### Dataset extract
──────

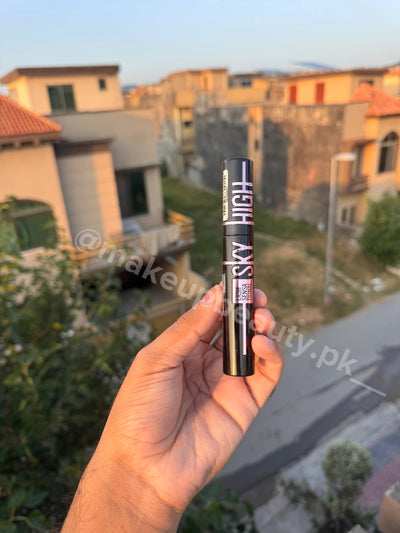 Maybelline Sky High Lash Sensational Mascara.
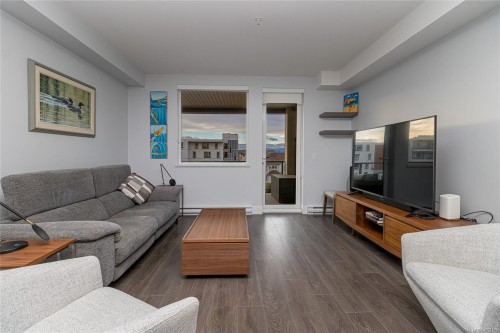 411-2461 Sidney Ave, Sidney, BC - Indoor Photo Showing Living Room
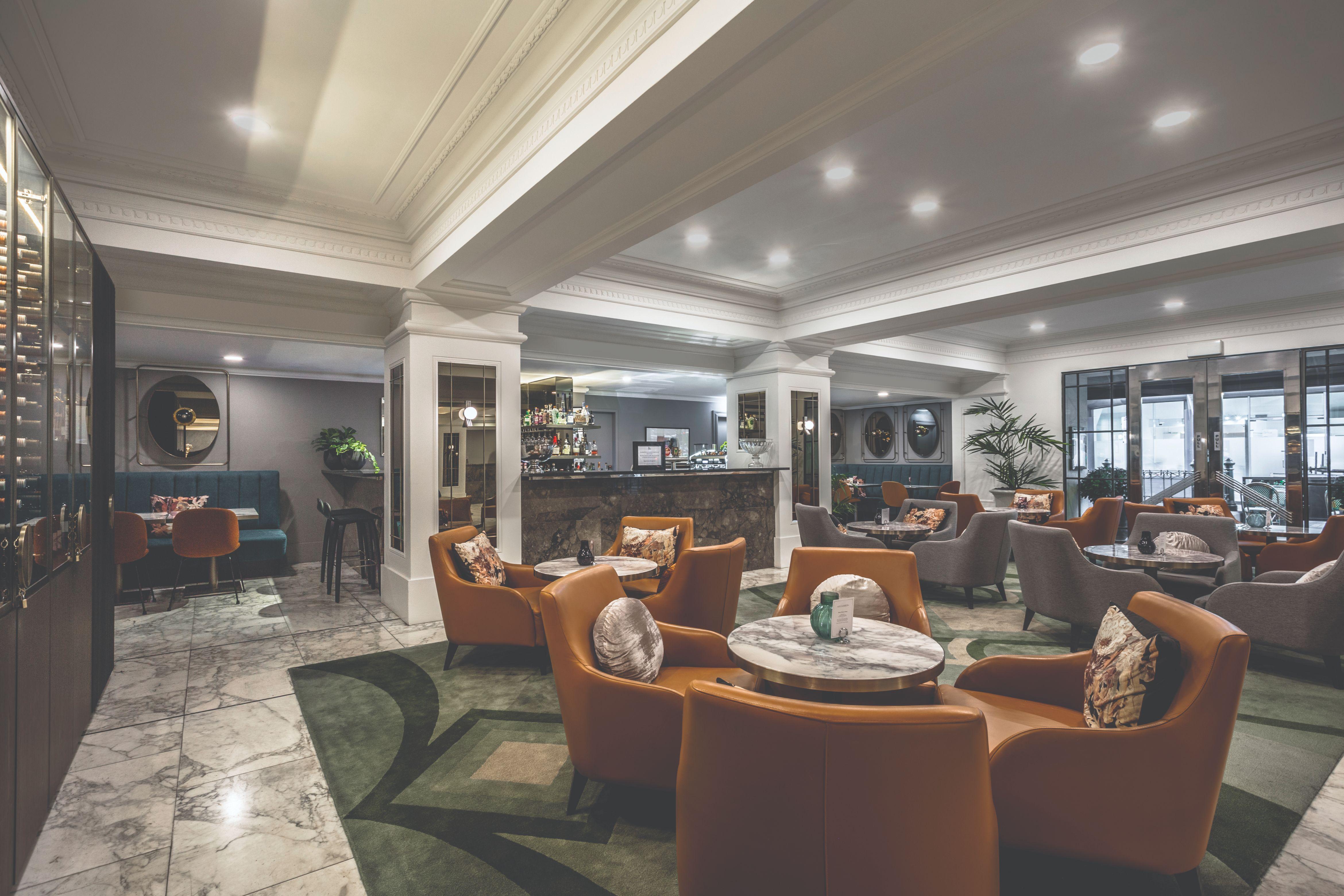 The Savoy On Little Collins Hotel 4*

──────

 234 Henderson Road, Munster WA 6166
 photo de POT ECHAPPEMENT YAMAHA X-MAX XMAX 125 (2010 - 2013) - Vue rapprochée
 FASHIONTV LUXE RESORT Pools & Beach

──────

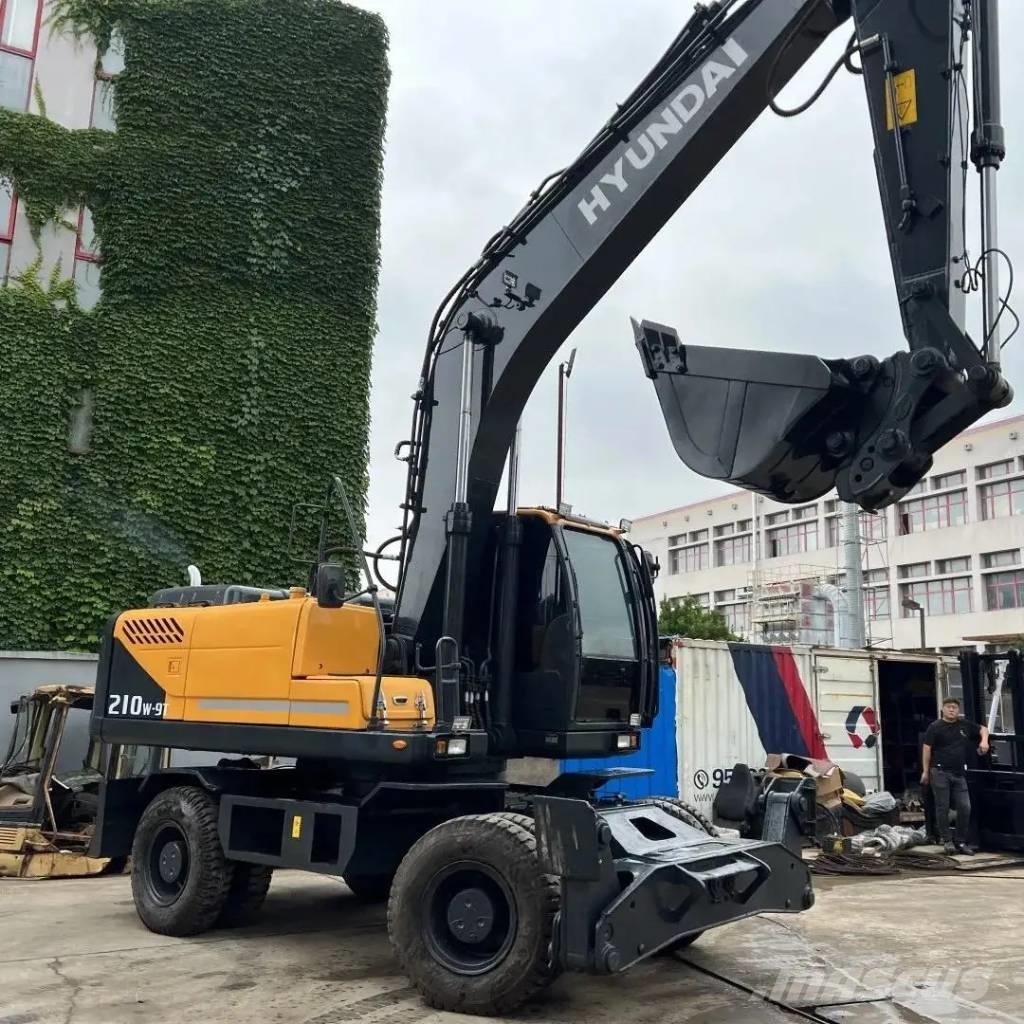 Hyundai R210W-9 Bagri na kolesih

──────

### Exercise description
Return only the stretch above from the line containing "Maybelline Sky High" through the line containing "The Savoy On Little Collins Hotel 4*", word for word and without pictures.

### Answer space
 Maybelline Sky High Lash Sensational Mascara.
 411-2461 Sidney Ave, Sidney, BC - Indoor Photo Showing Living Room
 The Savoy On Little Collins Hotel 4*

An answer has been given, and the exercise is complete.